Let $B = B(0,4/3)$, $C = \{x \in \mathbb R^d : 3/4 \leq \|x\|_2 \leq 8/3\}$ and $\tilde{C} = \{x \in \mathbb R^d : 1/12 \leq \|x\|_2 \leq 10/3\}$.
For a fixed Littlewood-Paley decomposition $\chi \in \mathcal{D}(B)$, $\varphi \in \mathcal{D}(C)$, we denote by $\dot{S}_j := \chi(2^{-j}D)$ the homogeneous low-frequency cut-off operator and $\dot{\Delta}_j := \varphi(2^{-j}D)$ the homogeneous dyadic block operator. Moreover, we define the following subspace of tempered distributions:
$$S'_h = \{u \in S'(\mathbb R^d) : \lim \limits_{j \to -\infty}\|\dot{S_j}u\|_{\mathcal{L}^{\infty}(\mathbb R^d)} = 0\}$$
Here, I'm reading and using the notations from "Fourier Analysis and Nonlinear Partial Differential Equations", Chapter 2.2 p.59, by H. Bahouri.
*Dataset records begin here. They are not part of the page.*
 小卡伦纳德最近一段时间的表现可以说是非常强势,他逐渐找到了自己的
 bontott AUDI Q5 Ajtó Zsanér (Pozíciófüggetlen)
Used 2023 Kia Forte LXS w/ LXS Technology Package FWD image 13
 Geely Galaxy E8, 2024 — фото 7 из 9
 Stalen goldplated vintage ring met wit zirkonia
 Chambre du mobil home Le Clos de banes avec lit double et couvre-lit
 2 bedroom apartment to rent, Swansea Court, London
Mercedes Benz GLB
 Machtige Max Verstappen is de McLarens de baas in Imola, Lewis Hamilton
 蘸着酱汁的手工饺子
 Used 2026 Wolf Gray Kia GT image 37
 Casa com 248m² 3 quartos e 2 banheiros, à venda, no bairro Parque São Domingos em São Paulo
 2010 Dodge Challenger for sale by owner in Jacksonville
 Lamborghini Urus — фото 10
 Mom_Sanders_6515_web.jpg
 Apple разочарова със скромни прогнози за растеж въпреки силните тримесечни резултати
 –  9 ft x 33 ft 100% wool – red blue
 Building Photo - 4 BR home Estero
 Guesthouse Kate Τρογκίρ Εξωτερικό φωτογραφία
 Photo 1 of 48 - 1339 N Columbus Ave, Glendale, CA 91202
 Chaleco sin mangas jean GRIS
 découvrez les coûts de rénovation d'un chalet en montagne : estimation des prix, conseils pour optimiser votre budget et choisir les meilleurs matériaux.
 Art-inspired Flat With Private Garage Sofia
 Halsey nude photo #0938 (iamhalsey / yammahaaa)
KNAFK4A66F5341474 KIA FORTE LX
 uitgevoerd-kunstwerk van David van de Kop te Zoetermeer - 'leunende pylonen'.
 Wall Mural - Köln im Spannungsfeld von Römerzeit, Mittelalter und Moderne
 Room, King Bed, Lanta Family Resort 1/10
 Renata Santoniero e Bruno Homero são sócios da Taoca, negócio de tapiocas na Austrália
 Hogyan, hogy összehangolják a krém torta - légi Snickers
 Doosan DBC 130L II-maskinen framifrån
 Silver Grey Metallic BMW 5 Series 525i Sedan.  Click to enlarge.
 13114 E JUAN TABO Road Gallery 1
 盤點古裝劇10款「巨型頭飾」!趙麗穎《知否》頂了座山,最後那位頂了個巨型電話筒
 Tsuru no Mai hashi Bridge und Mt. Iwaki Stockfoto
In Chapter 2.6 p.86, the homogeneous paraproduct of two tempered distributions $u, v \in S'(\mathbb R^d)$ is formally defined as:
$$\dot{T}_uv = \sum_{j \in \mathbb Z}\dot{S}_{j-1}u \dot{\Delta}_j v$$
Remark 2.46 from p.86 claims that if $u,v \in S'_h$, then $\dot{T}_uv$ makes sense in $S'(\mathbb R^d)$, i.e. the sum $\langle \dot{T}_uv , f \rangle$ converges in $\mathbb R$ for any $f \in S(\mathbb R^d)$. However, I'm unable to prove such a claim or find a reference proving it.
I know that $\dot{S}_{j-1}u \dot{\Delta}_j v$ is a tempered distribution whose Fourier transform is supported in the annulus $2^j \tilde{C}$. In particular, it is a smooth function with at most polynomial growth (independent of $j$, I believe). Similar statements can be made about $\dot{S}_{j-1}u$ and $\dot{\Delta}_j v$.
I also know that for $u \in S'_h$, we have the decomposition $$u = \lim \limits_{j \to +\infty} \dot{S}_j u = \sum_{j \in \mathbb Z} \dot{\Delta}_ju$$ in the space $S'(\mathbb R^d)$.
However, I didn't succeed in combining any of these pieces of information together.